→ **WHAT YOU WILL DO**: Word for word, transcribe the listing that follows, minus any pictures.

Top of RAW DATA

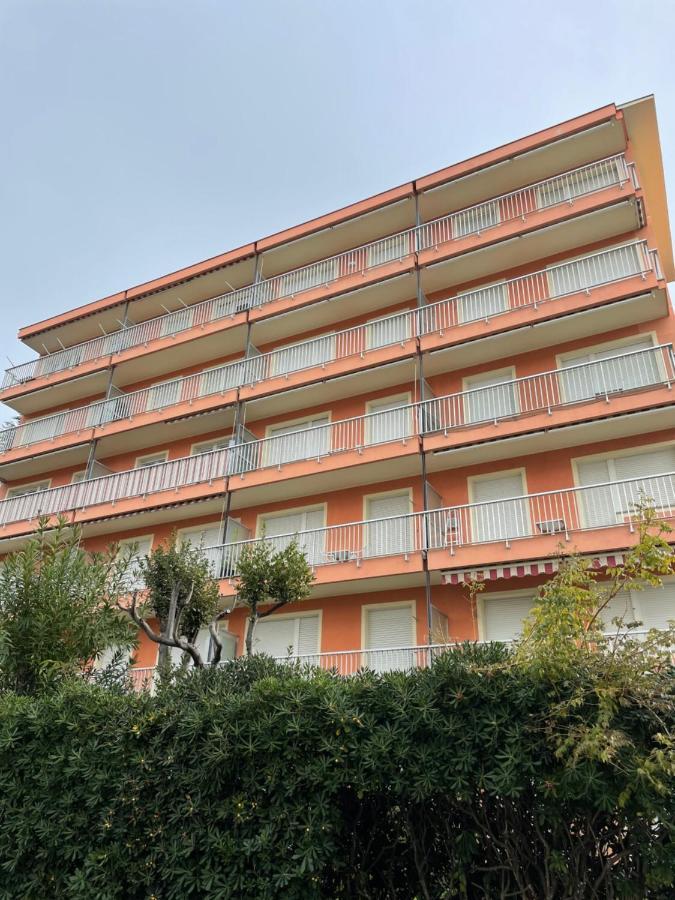 Residence Laura Bordighera Buitenkant foto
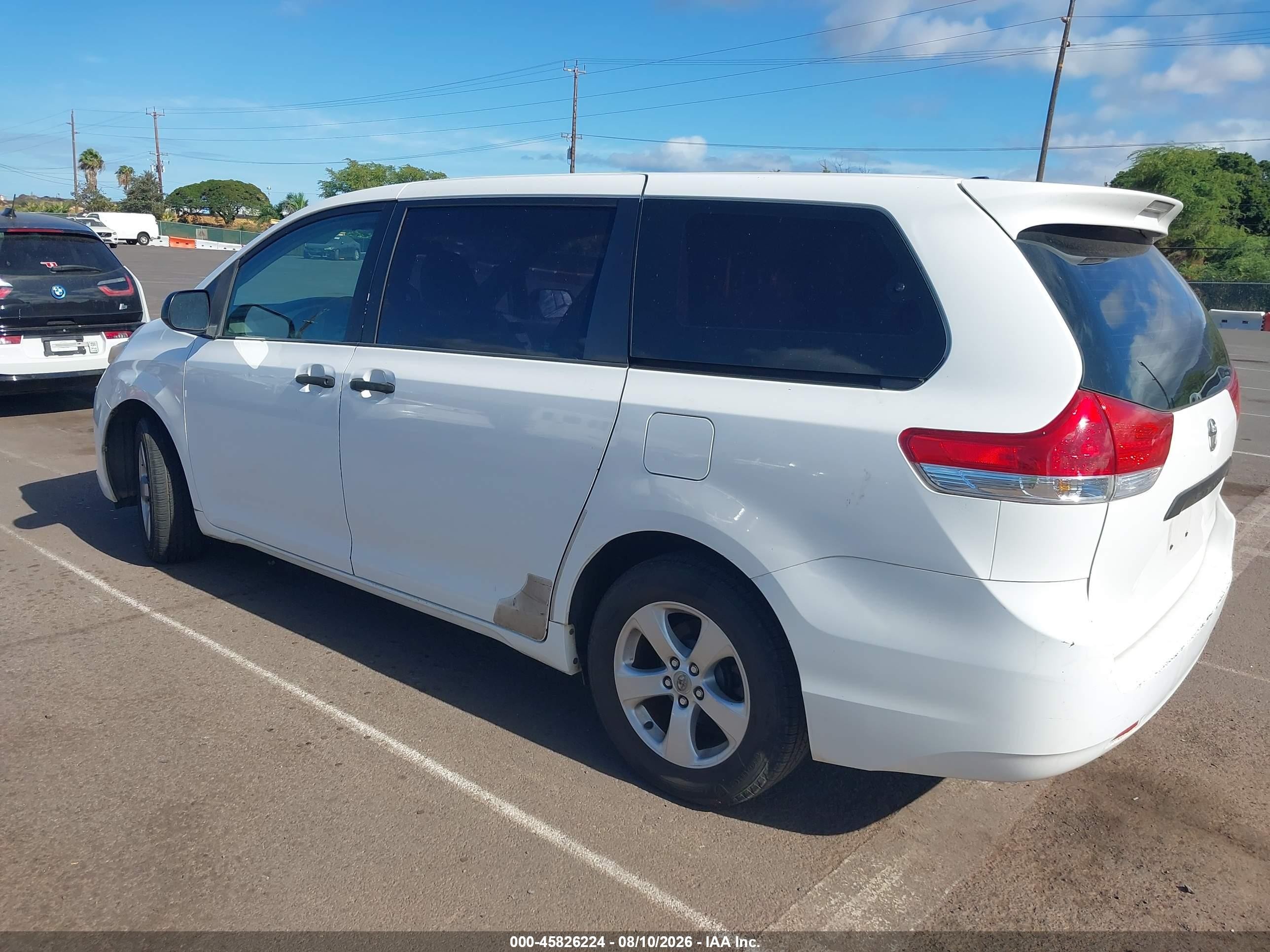 2012 Toyota Sienna Le 8 Passenger White vin: 5TDKA3DC7CS015978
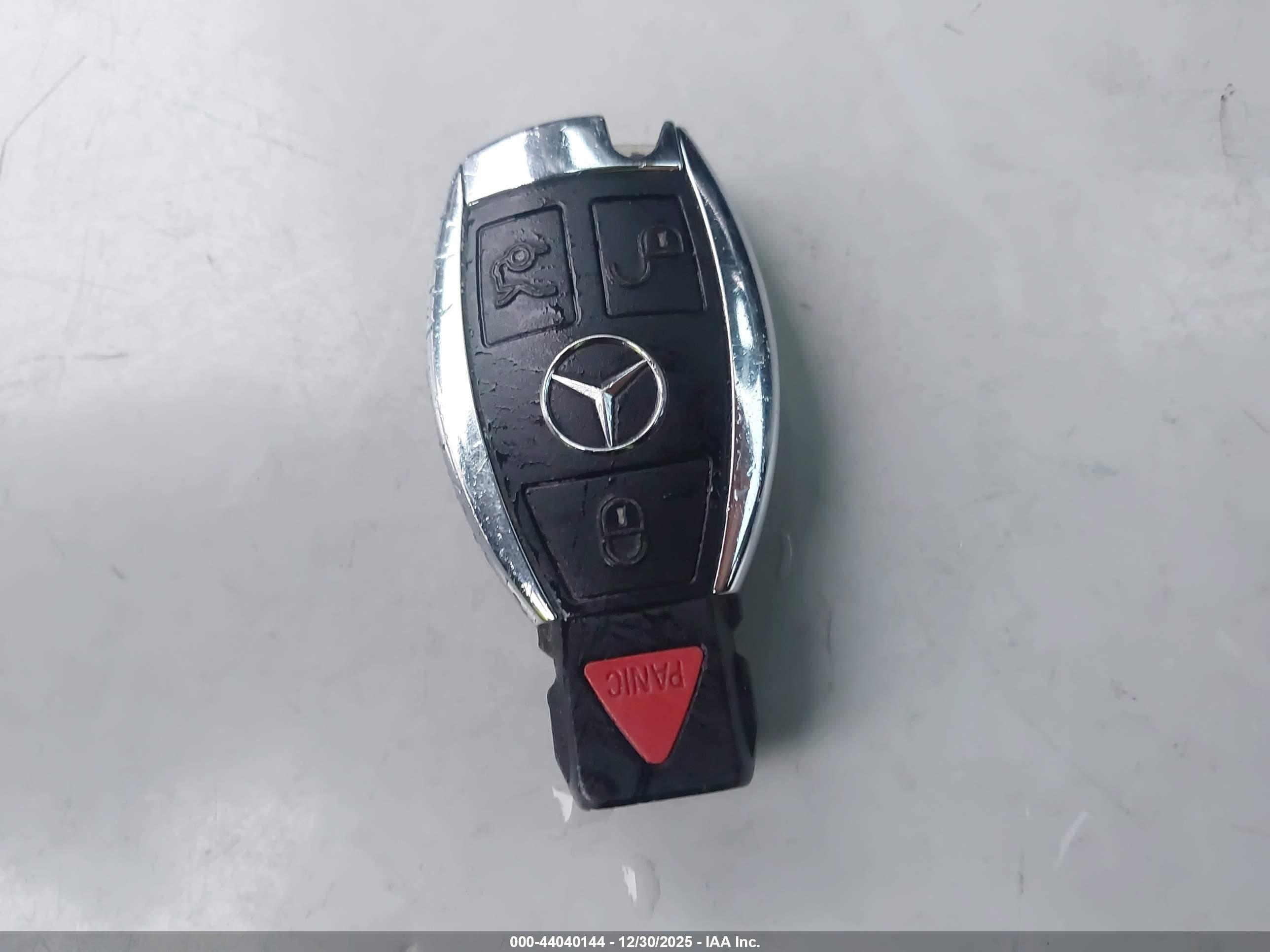 2012 Mercedes-Benz #11
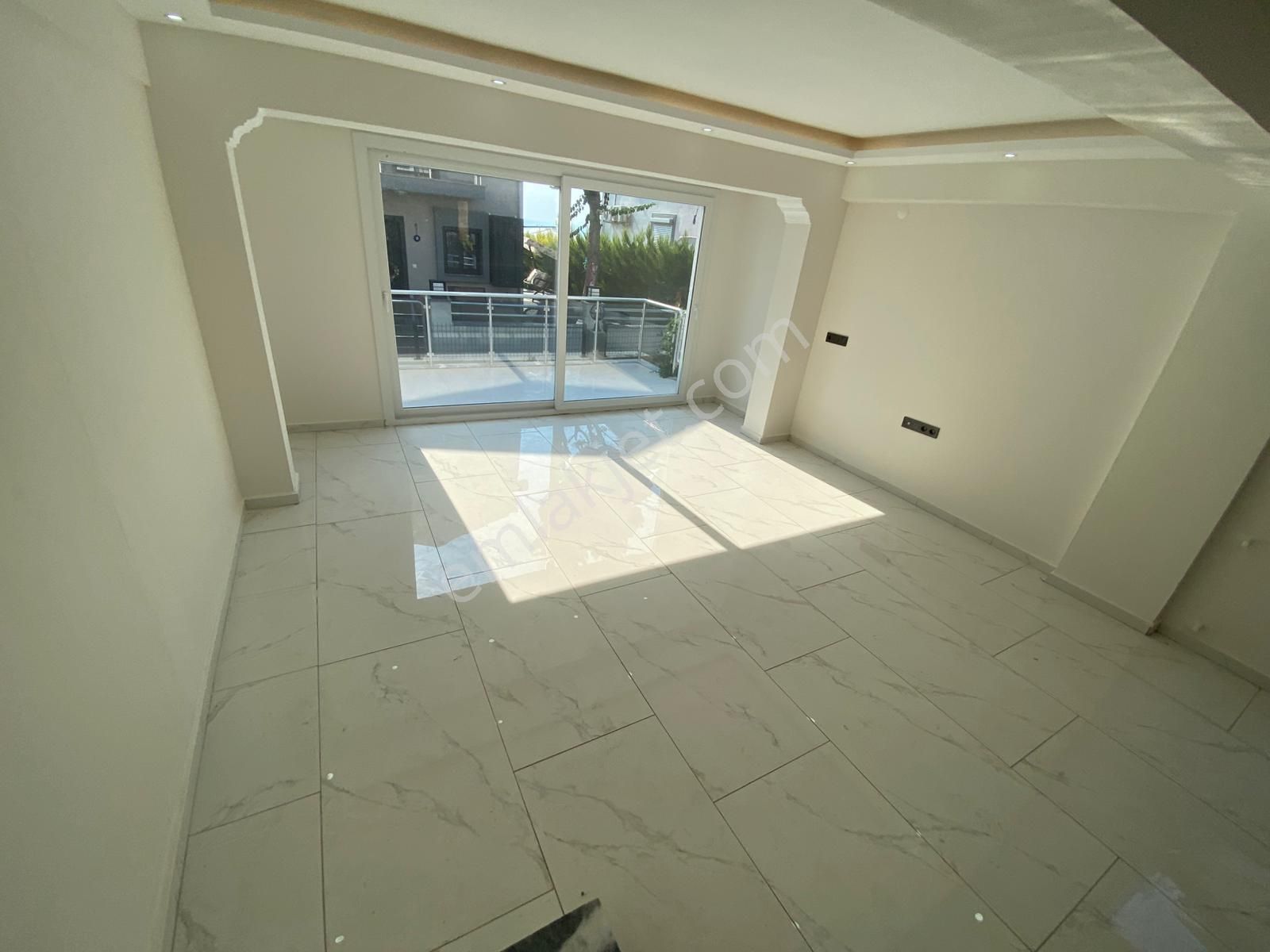 Kuşadası Marina Deniz Manzaralı Dubleks Bahçeli 3+1 Villa - Görsel 18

Bottom of RAW DATA

→ **RESPONSE FOR THIS EXERCISE**:
 Residence Laura Bordighera Buitenkant foto
 2012 Toyota Sienna Le 8 Passenger White vin: 5TDKA3DC7CS015978
 2012 Mercedes-Benz #11
 Kuşadası Marina Deniz Manzaralı Dubleks Bahçeli 3+1 Villa - Görsel 18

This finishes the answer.